WORK ORDER:
Word for word, set down the lines from the one that contains "hat - Shebobo" through the final line of the data; no pictures belong in the copy.
ENTRIES SHOWN Block Start
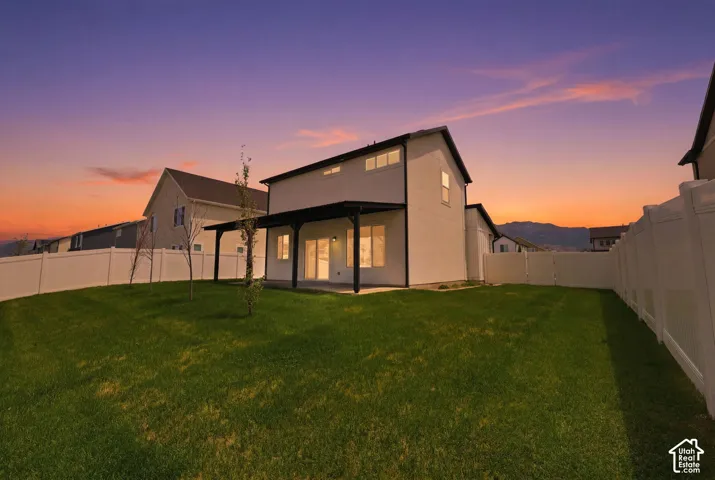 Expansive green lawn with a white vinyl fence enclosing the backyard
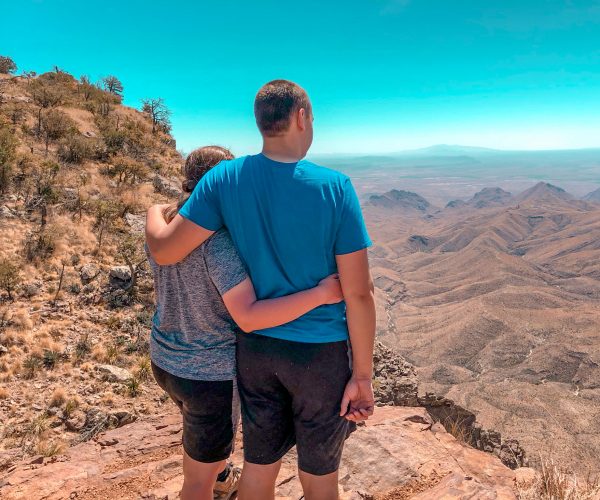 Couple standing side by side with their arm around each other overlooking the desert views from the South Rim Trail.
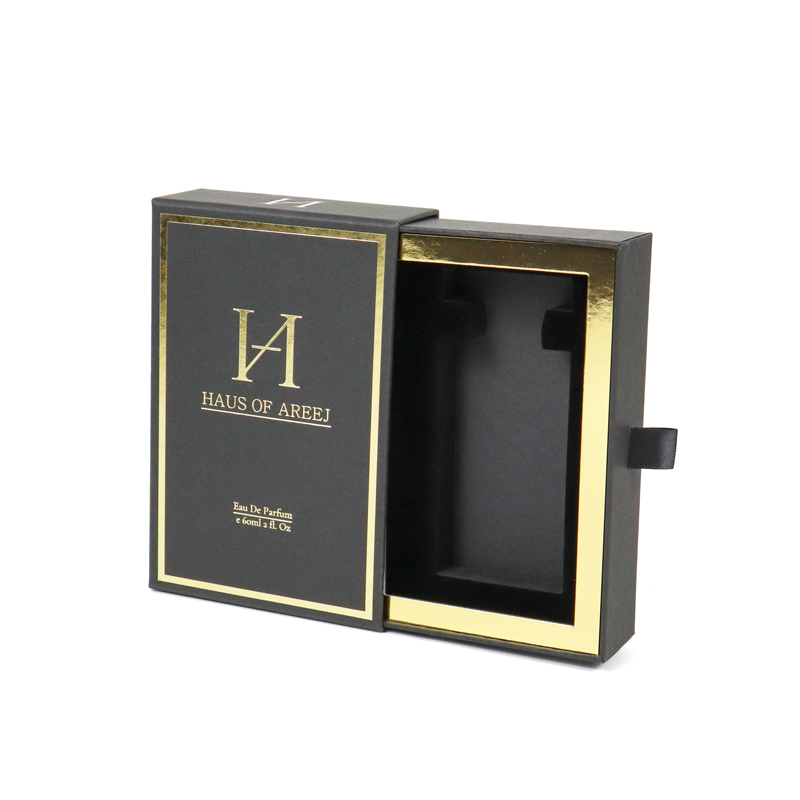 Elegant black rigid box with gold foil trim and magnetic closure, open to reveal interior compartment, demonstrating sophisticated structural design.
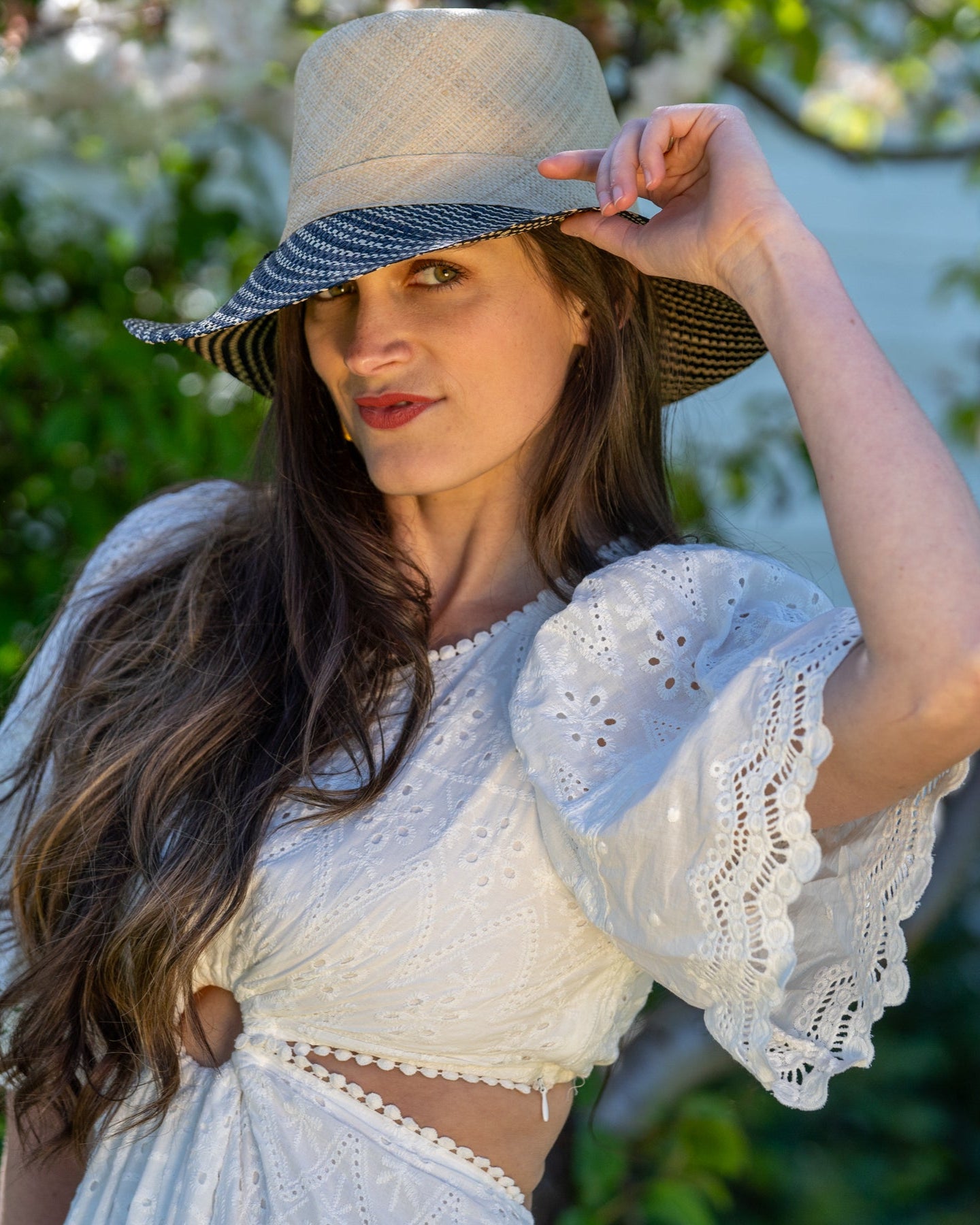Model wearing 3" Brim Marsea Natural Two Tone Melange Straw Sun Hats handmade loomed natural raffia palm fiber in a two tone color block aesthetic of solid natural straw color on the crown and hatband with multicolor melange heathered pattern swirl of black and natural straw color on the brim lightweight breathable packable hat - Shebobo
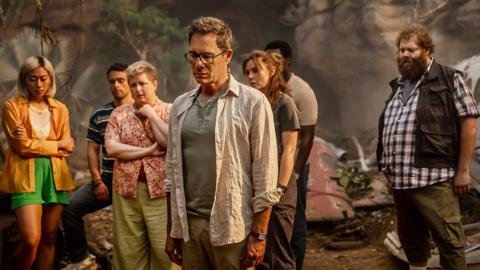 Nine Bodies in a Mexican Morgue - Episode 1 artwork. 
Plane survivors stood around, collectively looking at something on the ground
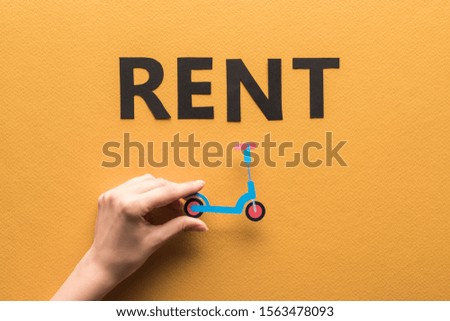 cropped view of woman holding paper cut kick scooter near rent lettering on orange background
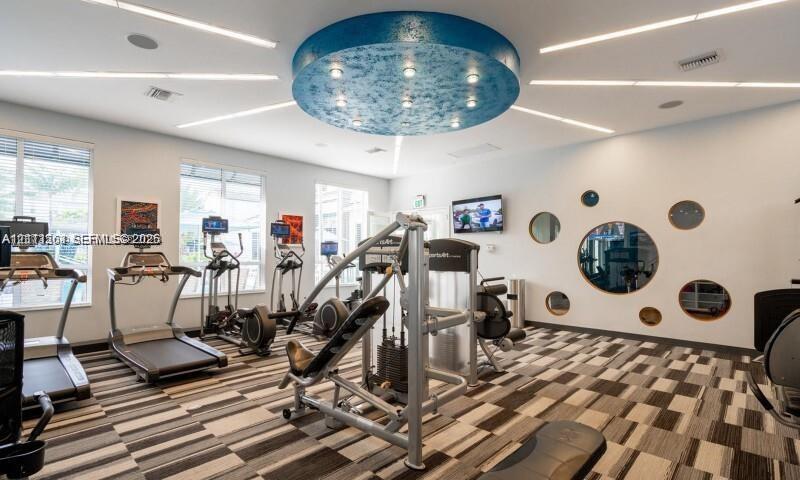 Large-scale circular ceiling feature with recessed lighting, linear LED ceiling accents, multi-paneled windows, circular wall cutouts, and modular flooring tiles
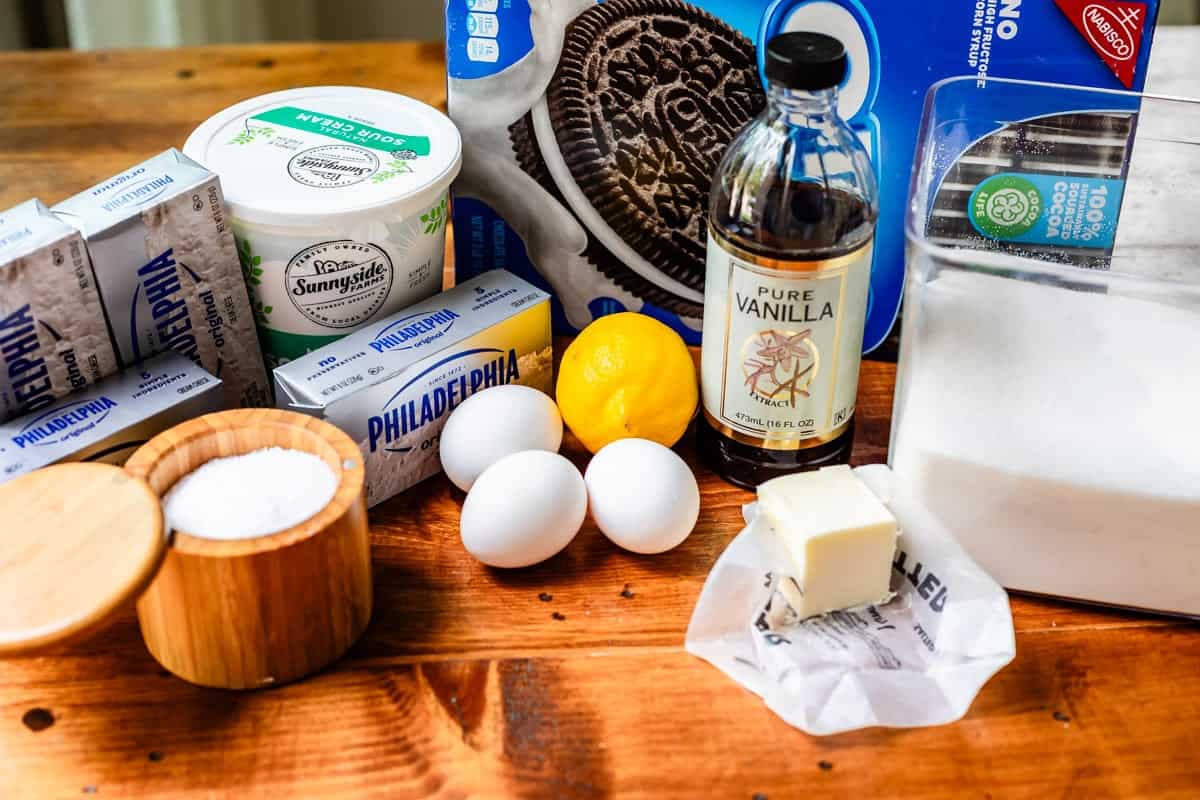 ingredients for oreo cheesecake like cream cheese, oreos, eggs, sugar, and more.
ENTRIES SHOWN Block End
RESPONSE TO THIS TASK:
Model wearing 3" Brim Marsea Natural Two Tone Melange Straw Sun Hats handmade loomed natural raffia palm fiber in a two tone color block aesthetic of solid natural straw color on the crown and hatband with multicolor melange heathered pattern swirl of black and natural straw color on the brim lightweight breathable packable hat - Shebobo
 Nine Bodies in a Mexican Morgue - Episode 1 artwork. 
Plane survivors stood around, collectively looking at something on the ground
 cropped view of woman holding paper cut kick scooter near rent lettering on orange background
 Large-scale circular ceiling feature with recessed lighting, linear LED ceiling accents, multi-paneled windows, circular wall cutouts, and modular flooring tiles
 ingredients for oreo cheesecake like cream cheese, oreos, eggs, sugar, and more.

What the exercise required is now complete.